Dataset excerpts START

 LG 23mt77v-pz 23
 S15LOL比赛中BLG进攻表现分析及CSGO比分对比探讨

Dataset excerpts END
Dataset excerpts START

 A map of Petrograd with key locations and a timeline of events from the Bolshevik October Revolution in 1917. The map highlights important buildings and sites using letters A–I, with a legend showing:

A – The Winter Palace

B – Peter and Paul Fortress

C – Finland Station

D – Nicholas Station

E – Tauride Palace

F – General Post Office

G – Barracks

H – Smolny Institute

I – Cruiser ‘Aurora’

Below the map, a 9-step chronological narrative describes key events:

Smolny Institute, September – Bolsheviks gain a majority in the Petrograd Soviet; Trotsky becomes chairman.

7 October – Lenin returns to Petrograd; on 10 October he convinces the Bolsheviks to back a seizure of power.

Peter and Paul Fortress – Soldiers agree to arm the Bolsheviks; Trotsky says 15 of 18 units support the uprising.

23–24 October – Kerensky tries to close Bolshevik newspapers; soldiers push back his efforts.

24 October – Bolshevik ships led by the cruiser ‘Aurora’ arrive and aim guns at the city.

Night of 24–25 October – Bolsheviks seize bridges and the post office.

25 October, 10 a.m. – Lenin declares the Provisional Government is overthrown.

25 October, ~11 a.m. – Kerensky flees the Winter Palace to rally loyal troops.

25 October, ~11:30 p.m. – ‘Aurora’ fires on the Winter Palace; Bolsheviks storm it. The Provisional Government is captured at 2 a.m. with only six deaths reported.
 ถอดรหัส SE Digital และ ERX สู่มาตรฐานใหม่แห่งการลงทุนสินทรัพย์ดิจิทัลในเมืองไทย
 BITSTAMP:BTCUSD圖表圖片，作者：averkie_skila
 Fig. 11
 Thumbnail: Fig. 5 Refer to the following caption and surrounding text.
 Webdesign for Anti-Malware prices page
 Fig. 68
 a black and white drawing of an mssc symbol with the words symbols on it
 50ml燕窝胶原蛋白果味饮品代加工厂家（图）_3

Dataset excerpts END

### Work to complete
Please make an exact copy of the lines above from the line with "LG 23mt77v-pz 23" through the line with "S15LOL比赛中BLG进攻表现分析及CSGO比分对比探讨", both ends included.

### Solution to this task
 LG 23mt77v-pz 23
 S15LOL比赛中BLG进攻表现分析及CSGO比分对比探讨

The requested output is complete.